[Short web captions]
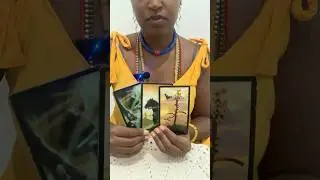 O TAROT TEM UMA MENSAGEM PARA VOC&Ecirc;! #asacerdotisapreta #tarotcoletivo #cartasdetar&ocirc; #tarot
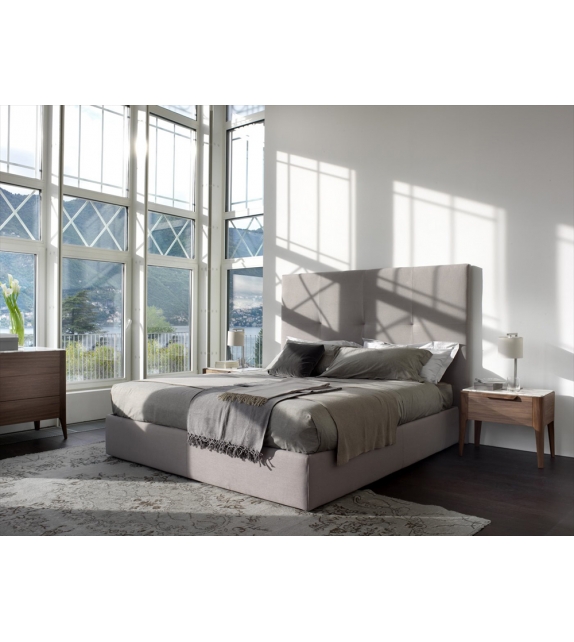 Ziggy Night Porada Bedside Table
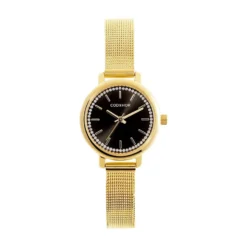 Montre Codhor Nerine Noir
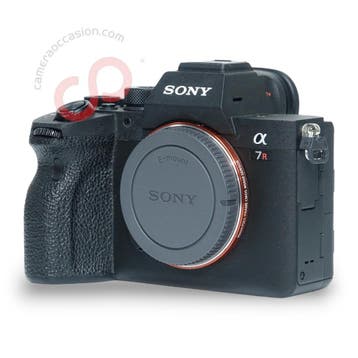 Sony A7R IV nr. 2304, Ophalen of Verzenden, Zo goed als nieuw, Sony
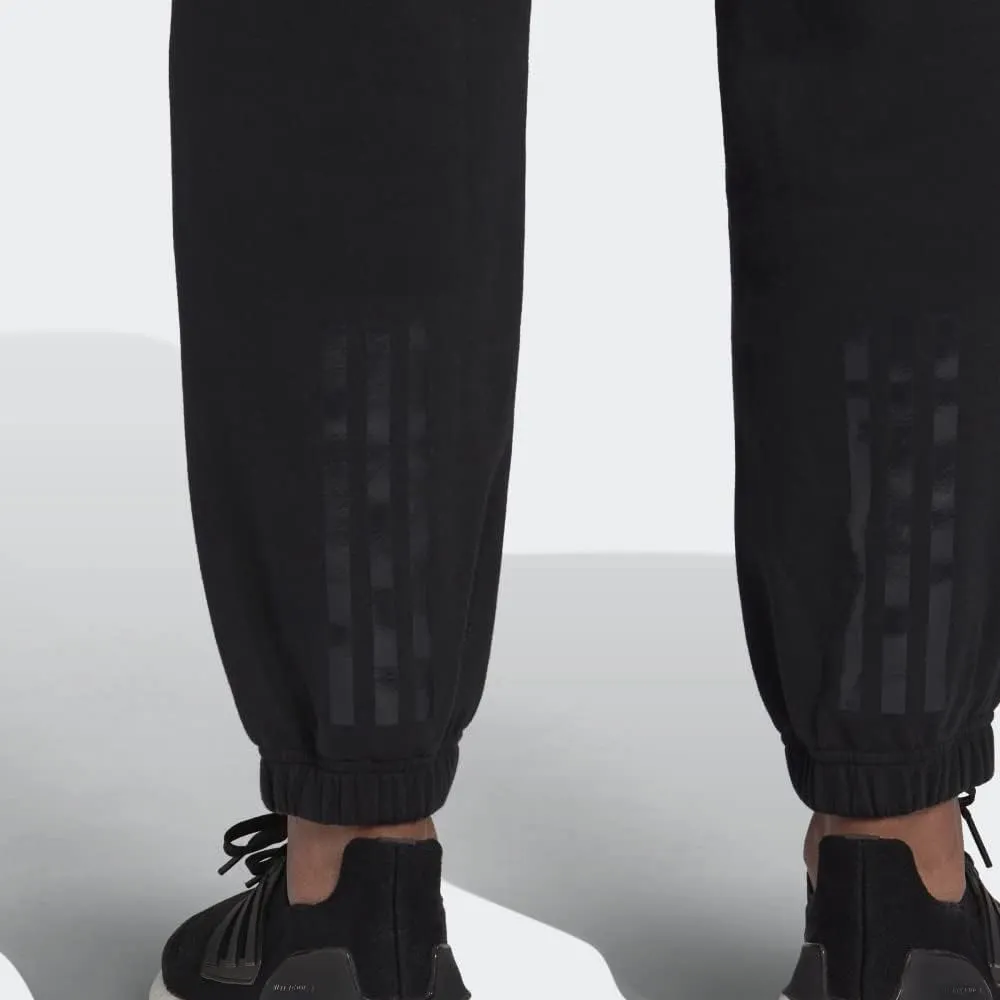 adidas Women's Hyperglam Fleece Joggers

- Task directions
Exactly repeat only the lines from the one with "Sony A7R IV" to the closing line above, both included, and omit every picture.

- Output for this exercise
 Sony A7R IV nr. 2304, Ophalen of Verzenden, Zo goed als nieuw, Sony
 adidas Women's Hyperglam Fleece Joggers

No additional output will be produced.